June 18, 2017

Paper Navy Tiger

We spend $600 billion on defense and this is what we get?

In the middle of the night our U.S. Navy DESTROYER crashes with a ginormous container ship.

The commercial vessel (yes it's bigger, but it's a civilian ship) is lightly damaged, but the U.S. Navy BATTLESHIP (after having undergone a recent $21 million upgrade) has 7 dead, the captain injured, and it can barely make it back to its port except with tugboats for extensive repairs. 

WTF!

How does an battleship with the latest sensors and technology collide with a civilian ship--how did such a foreign vessel even get close to our navy ship let alone collide with it--was someone completely "asleep at the wheel?"

This is no joke!--this is our first line of defense in our ability to project force globally. 

What if this had been a terrorist ship laden to the hilt with high explosives or an Axis of Evil Iranian or North Korean fast attack craft or even a Russian or Chinese attack submarine--surprise!

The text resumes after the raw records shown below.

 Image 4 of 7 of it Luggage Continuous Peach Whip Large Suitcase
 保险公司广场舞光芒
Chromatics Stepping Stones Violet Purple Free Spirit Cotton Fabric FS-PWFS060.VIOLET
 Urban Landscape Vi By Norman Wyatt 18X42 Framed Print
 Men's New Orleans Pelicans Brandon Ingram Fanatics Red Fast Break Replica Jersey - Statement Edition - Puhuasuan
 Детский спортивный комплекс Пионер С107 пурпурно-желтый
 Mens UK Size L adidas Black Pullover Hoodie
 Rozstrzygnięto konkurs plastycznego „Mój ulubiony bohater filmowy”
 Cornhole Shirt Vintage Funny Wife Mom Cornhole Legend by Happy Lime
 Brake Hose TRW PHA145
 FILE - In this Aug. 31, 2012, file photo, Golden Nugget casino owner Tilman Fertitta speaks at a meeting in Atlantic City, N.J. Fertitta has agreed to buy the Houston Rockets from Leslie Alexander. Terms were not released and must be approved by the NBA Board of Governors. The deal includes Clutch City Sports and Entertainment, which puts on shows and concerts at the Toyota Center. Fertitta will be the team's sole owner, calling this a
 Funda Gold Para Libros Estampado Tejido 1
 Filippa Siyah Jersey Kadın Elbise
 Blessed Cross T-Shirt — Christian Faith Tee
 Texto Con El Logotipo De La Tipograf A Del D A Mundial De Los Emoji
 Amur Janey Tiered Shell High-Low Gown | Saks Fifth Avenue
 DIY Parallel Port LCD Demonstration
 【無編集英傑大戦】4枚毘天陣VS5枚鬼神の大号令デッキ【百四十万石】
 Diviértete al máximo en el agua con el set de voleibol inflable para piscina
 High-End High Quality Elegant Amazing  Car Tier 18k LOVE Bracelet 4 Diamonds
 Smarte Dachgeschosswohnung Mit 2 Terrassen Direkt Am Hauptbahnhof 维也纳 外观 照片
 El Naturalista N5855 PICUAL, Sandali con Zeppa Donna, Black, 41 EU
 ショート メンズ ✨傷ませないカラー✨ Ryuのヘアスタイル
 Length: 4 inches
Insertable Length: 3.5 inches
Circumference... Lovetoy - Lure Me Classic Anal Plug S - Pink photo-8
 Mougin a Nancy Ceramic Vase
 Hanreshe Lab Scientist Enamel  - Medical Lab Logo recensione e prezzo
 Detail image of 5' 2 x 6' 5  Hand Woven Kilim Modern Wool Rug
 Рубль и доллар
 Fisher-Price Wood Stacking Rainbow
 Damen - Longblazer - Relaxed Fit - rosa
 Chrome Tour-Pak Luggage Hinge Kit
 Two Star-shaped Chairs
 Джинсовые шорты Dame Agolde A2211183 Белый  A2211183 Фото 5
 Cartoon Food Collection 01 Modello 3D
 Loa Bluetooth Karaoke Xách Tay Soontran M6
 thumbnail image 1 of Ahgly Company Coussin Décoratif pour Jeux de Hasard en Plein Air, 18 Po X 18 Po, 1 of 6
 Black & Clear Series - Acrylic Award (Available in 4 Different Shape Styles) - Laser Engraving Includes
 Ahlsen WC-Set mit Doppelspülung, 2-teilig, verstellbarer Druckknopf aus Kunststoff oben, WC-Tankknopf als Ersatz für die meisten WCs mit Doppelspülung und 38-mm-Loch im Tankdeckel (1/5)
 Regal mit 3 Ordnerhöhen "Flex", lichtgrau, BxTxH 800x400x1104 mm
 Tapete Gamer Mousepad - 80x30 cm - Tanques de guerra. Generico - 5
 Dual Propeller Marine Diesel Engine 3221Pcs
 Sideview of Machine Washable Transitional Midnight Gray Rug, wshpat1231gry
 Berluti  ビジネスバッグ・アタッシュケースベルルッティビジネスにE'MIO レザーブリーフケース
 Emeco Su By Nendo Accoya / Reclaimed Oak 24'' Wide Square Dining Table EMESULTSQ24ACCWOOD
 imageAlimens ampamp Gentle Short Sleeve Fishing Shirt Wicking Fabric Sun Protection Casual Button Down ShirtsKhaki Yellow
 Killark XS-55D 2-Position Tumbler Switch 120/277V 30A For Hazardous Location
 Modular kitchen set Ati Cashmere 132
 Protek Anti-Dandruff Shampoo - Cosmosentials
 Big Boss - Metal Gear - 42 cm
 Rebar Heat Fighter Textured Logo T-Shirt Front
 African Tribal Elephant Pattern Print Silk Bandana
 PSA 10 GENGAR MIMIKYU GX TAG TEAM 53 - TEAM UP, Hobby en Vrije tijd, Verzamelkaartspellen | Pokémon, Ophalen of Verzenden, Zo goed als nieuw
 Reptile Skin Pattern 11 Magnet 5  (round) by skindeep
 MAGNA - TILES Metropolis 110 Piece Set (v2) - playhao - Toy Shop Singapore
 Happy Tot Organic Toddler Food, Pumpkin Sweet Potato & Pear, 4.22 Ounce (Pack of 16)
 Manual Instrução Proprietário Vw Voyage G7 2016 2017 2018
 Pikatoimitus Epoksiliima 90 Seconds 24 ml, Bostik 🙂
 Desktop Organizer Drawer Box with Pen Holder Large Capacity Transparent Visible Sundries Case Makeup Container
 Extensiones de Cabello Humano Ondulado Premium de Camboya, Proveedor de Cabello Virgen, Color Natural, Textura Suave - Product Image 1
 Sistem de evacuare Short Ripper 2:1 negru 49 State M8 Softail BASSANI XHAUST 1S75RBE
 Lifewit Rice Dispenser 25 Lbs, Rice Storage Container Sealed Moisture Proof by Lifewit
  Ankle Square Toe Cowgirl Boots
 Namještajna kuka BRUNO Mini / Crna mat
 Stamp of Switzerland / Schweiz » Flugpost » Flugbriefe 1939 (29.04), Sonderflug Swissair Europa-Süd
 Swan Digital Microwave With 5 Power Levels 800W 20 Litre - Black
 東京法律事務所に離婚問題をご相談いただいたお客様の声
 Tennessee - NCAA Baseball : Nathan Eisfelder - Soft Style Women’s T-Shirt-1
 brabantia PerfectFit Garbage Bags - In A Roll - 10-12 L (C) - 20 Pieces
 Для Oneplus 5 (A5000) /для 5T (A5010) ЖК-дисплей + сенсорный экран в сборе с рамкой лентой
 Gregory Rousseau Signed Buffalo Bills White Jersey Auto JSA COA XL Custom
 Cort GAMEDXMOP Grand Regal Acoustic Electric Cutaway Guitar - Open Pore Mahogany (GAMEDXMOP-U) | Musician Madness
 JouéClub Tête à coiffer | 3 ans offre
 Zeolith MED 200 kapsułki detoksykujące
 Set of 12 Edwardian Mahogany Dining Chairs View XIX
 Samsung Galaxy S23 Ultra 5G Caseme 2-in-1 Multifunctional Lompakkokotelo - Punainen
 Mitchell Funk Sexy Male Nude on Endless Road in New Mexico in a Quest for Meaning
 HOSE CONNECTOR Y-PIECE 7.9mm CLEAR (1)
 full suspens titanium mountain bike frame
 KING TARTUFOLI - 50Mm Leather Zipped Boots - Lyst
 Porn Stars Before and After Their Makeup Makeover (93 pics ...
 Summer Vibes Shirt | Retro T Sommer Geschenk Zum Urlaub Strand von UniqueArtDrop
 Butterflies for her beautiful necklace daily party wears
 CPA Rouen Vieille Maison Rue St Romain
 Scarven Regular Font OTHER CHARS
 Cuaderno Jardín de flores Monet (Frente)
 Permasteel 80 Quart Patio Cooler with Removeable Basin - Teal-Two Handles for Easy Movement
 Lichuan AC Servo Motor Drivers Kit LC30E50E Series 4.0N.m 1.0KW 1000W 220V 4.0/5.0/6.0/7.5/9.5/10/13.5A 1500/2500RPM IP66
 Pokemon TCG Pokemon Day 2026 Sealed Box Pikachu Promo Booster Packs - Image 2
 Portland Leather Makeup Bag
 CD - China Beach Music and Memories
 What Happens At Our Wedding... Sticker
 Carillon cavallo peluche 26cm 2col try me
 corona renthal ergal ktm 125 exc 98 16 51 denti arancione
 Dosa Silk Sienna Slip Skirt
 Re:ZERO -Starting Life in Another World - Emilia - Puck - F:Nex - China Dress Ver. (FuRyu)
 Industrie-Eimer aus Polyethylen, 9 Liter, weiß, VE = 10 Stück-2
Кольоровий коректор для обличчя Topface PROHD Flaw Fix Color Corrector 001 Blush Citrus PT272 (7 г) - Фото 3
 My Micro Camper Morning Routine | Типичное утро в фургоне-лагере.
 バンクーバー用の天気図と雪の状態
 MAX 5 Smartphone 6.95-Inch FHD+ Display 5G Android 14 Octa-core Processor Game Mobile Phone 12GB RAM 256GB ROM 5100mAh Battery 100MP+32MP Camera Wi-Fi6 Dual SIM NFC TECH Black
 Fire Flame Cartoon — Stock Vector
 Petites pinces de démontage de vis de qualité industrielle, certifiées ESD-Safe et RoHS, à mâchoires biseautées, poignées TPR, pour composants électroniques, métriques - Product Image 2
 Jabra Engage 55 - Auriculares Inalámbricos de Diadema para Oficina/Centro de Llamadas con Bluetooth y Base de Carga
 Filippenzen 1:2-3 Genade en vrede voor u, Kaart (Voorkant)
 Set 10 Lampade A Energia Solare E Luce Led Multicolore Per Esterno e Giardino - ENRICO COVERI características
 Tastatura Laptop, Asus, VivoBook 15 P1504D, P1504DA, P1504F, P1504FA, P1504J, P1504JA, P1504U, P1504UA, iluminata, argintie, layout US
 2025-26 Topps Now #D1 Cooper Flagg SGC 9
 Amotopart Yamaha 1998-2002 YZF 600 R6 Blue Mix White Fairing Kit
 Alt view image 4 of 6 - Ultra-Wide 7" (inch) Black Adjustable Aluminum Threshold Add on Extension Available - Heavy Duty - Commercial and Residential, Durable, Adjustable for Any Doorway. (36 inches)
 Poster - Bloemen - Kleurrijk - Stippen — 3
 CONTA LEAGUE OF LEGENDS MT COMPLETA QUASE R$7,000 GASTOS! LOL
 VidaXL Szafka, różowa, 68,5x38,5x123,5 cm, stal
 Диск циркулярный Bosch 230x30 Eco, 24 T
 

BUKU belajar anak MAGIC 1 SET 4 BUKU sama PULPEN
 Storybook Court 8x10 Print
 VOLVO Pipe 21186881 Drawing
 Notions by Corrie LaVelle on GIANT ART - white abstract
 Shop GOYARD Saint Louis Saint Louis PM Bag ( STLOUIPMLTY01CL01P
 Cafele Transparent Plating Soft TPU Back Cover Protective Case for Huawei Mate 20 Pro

Doesn't a battleship need to be ever-vigilant and -ready for battle? 

How can we fight sophisticated 21st century militaries with advanced ship-killer cruise missiles, torpedos, and mines, if we can't even avoid the essential sinking of one our own fighting ships in peacetime. 

Our brave men and women who take up the uniform to serve this great nation--and this country--DESERVE BETTER!

Does this paper navy ship with a punched hole in it represent a larger forgotten or war-weary military in dire need of modernization and genuine readiness to defend the beautiful and free America? 

(Source Photo: Andy Blumenthal via The Guardian)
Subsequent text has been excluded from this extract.